六夢 異世界:Ⅵ
……よし!異世界に到着!さあ今回はど〜こ
「だああああああああっっっっつううううううううううううう!あっつい!熱い熱い!熱い!あ!つ!い!」
俺の足元が焼けるように熱い、まあ、見たらわかるけど熱いよね、溶岩地帯。ヒビ割れから紅いマグマが見えてるよ!そりゃ熱いわ!
俺は熱さに耐えきれずその辺にあった大きな岩の上に乗ってみた。
「熱い!のは変わらないけど、下よりマシだな!」
ていうか今気づいたけど、俺今まで、パジャマだよ。そりゃ熱いわ!裸足だし、今夏だから薄着のパジャマだよ!俺、もしかしたらキレ芸の芸人で売れるかもしれない!
おっと、話がそれたな。
辺りを見回せば紅い紅いヒビ割れた大地が広がっている。
……おっ⁈なんだあれ?
溶岩地帯の奥に俺の下の岩より一回り小さいぐらいの岩、その上に光る棒みたいな物が刺さってるみたいだ。
遠くだからあまりよく見えないな……しかたないか、近くまで行くしかない!
熱い地面をひたすらつま先で走った俺は誰かから見ればそうとう滑稽なものだと思えるぐらい変な走り方と、奇声をあげながら走った。絶対足、やけどするだろ!アッツアツの美味しい足ハンバーグの出来上がり♪……にはならなかったな、一安心だ。
ともかく熱い思いはしたけど、例の岩の近くの岩までは来ることができた。
ていうか足ハンバーグはないわ……臭そうだし、いや実際に臭い。あまりというか、絶対嗅ぎたくない。
そんな事より例の岩をよく見てみた。
ん?剣?剣なのか?うおおおお!もしや!これは!伝説の!剣!なのかああああ!
これは俄然テンションが上がるな!なんてったってここは溶岩地帯、容易には来られない。これがどういう意味かはわかるだろう?
簡単に来られない場所に剣。それも岩に刺さっている。まるで封印されているか、真の主人を求めているかのようだ。

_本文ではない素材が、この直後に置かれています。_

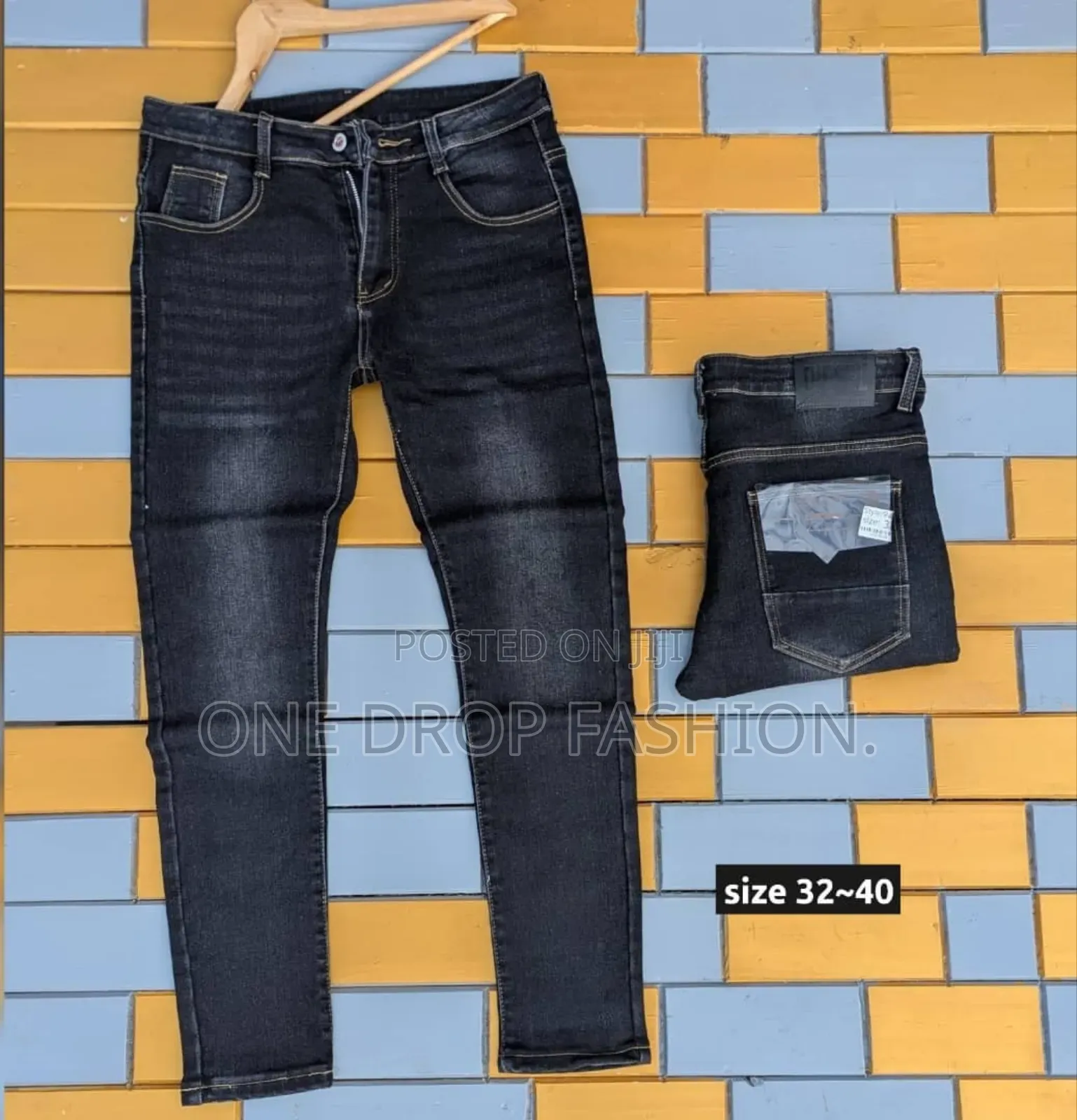 Disel Fashion Jeans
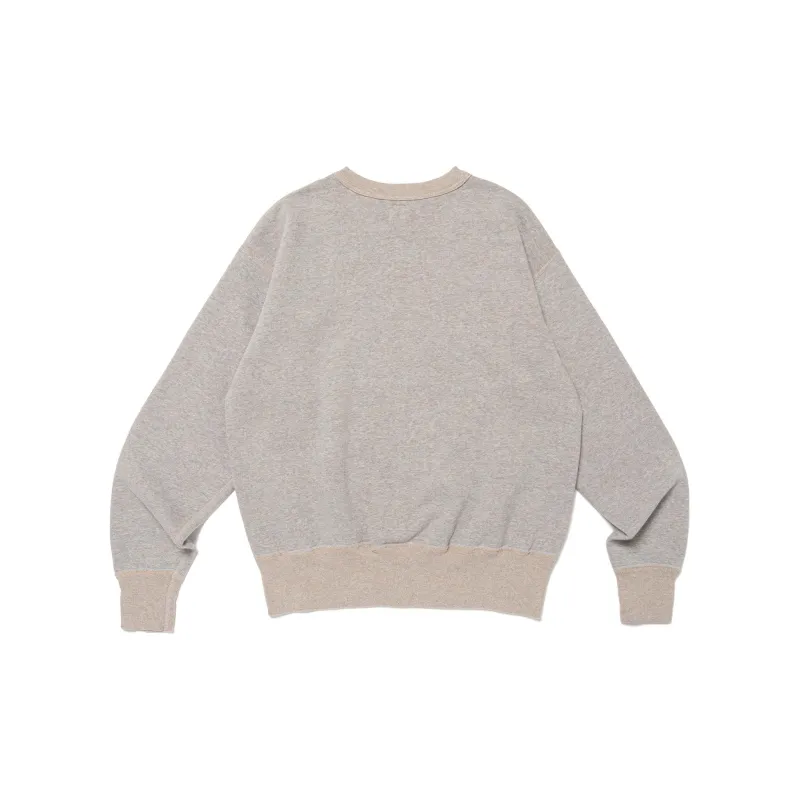 HUMAN MADE FW24 Autumn/Winter Collection Sweater Unisex-1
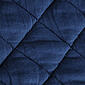 Lush D&#233;cor&#174; Ava Diamond Oversized Cotton Quilt Set 320 TC - image 5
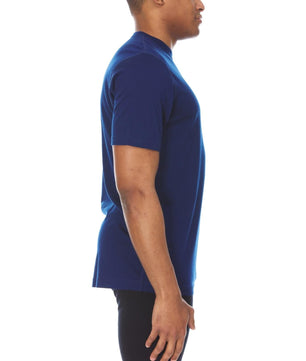 Lightweight - Algonquin Men's Wool T Shirt Crew 100% Merino Wool
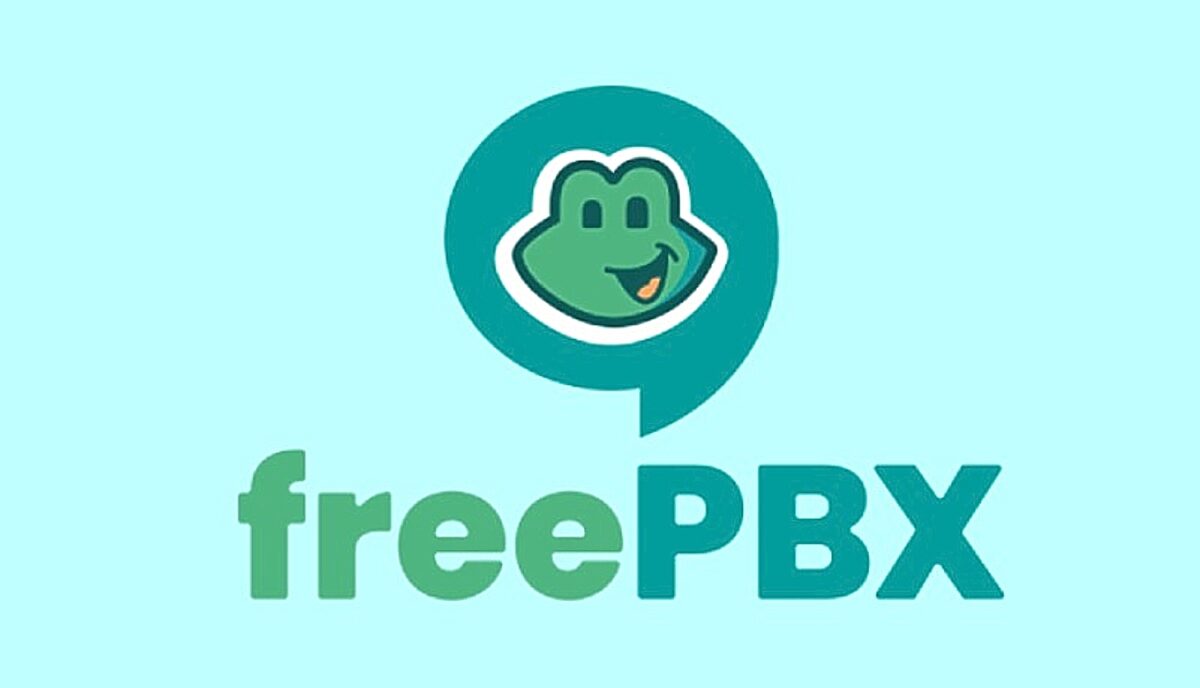 freePBX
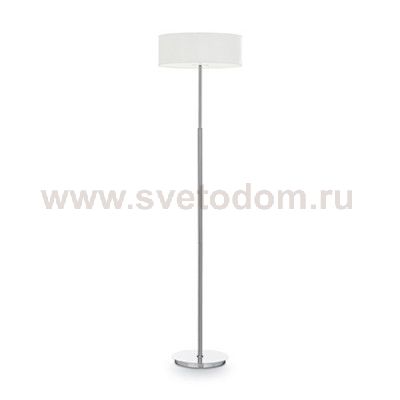 Торшер Ideal lux WOODY PT2 BIANCO (143163)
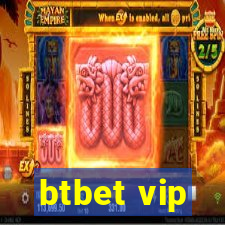 btbet vip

欲しい!とにかく欲しい!強そうだし、かっこいい!それに俺が言っていた鍵もこういった武器とかかもしれないしな。
俺はまた紅い大地に足を下ろし全力で走った。
よし!あと少しで到着!最強の武器さえ手に入るのなら熱いのさえ気にならない!やっぱり熱い!でも、大丈夫だ問題ない。
「よし!伝説の剣ゲットおおおお!」
パシッ トロォ
「はぁ⁉︎」
驚いた、剣が、チーズみたいに、溶けてた。
ああ……熱いからね……溶けちゃうよね……。
なわけ無いだろ!なぜ溶けた!何故に!どうして⁉︎……こうなるよなぁ俺の夢だもん。
呆然とトロトロの剣を見てたら、
ギャァァァァァァァァ
怪獣みたいな鳴き声が響く。なるほど、伝説の武器の前には当然、ボスモンスター、いるよね。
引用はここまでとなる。